SUPPLIED RECORDS Block Start
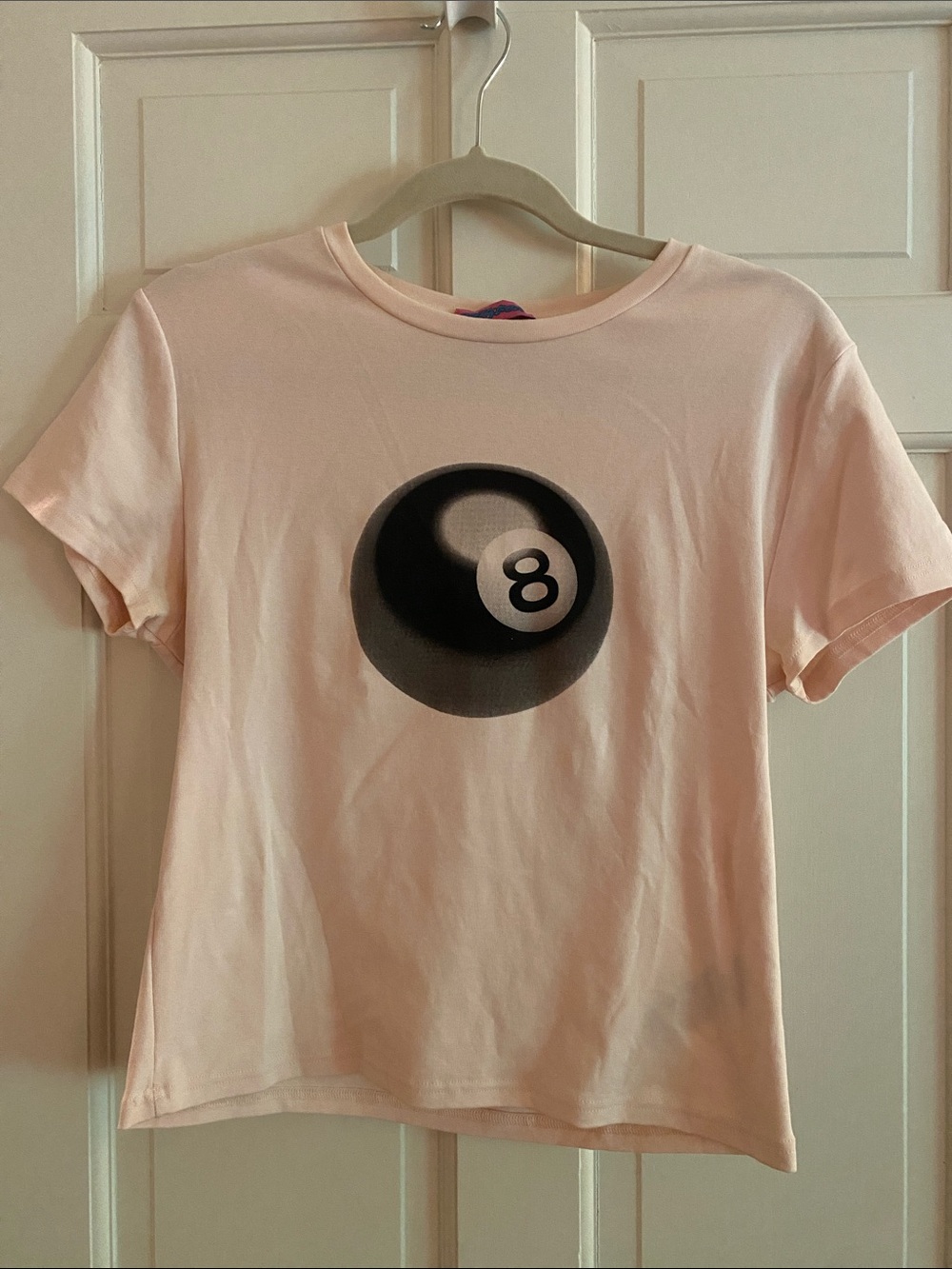 Edikted Pale Pink Short Sleeve Tee with Black 8-Ball Graphic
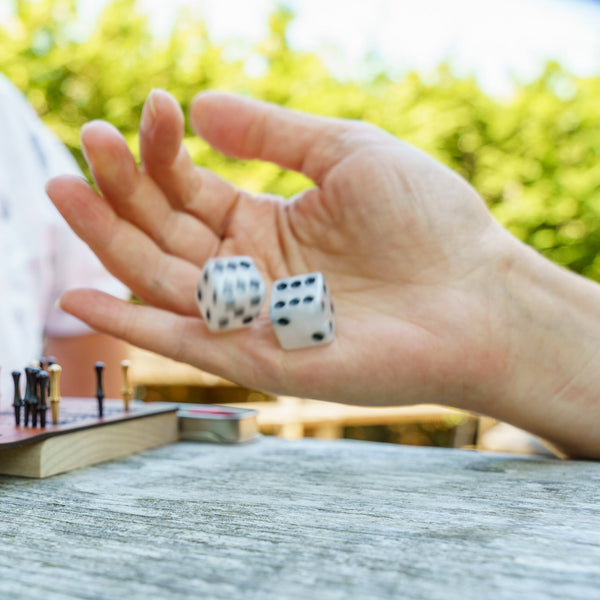 A hand rolling white dice in front of a travel backgammon board outside on a sunny day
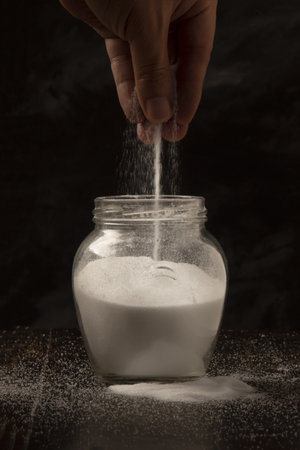 A vertical shot of a person throwing a pinch of salt in a jar against a dark backgroundの写真素材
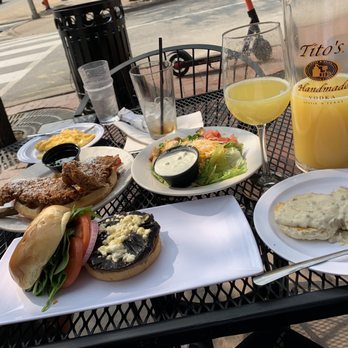The Phoenix - a plate of food and a glass of orange juice - New American Near Me - Kansas City, Missouri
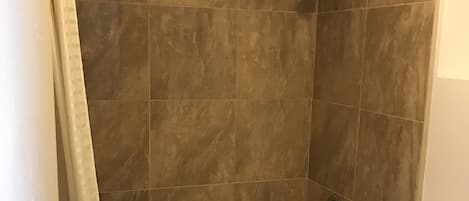 A bathroom with a bathtub, toilet, and shower curtain.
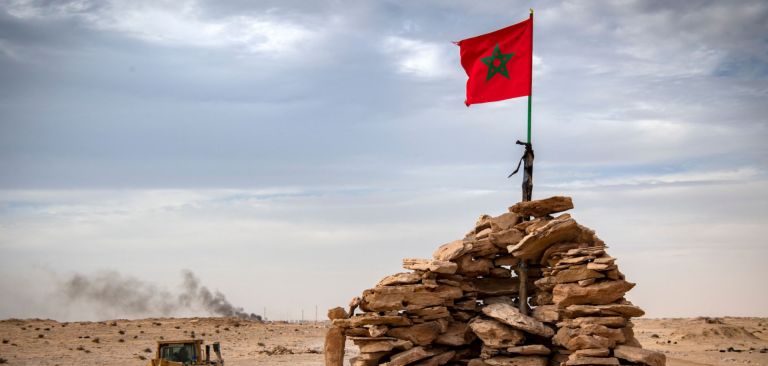 A bulldozer passes by a hilltop manned by Moroccan soldiers in Western Sahara on Nov. 23, 2020. A bulldozer passes by a hilltop manned by Moroccan soldiers in Western Sahara on Nov. 23, 2020.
SUPPLIED RECORDS Block End
> _TASK DETAILS_: For this exercise, set down exactly the lines that run from the line holding "A bathroom with" to the last line of the records above; include both end lines and omit pictures.

> _OUTPUT BELOW_:
 A bathroom with a bathtub, toilet, and shower curtain.
 A bulldozer passes by a hilltop manned by Moroccan soldiers in Western Sahara on Nov. 23, 2020. A bulldozer passes by a hilltop manned by Moroccan soldiers in Western Sahara on Nov. 23, 2020.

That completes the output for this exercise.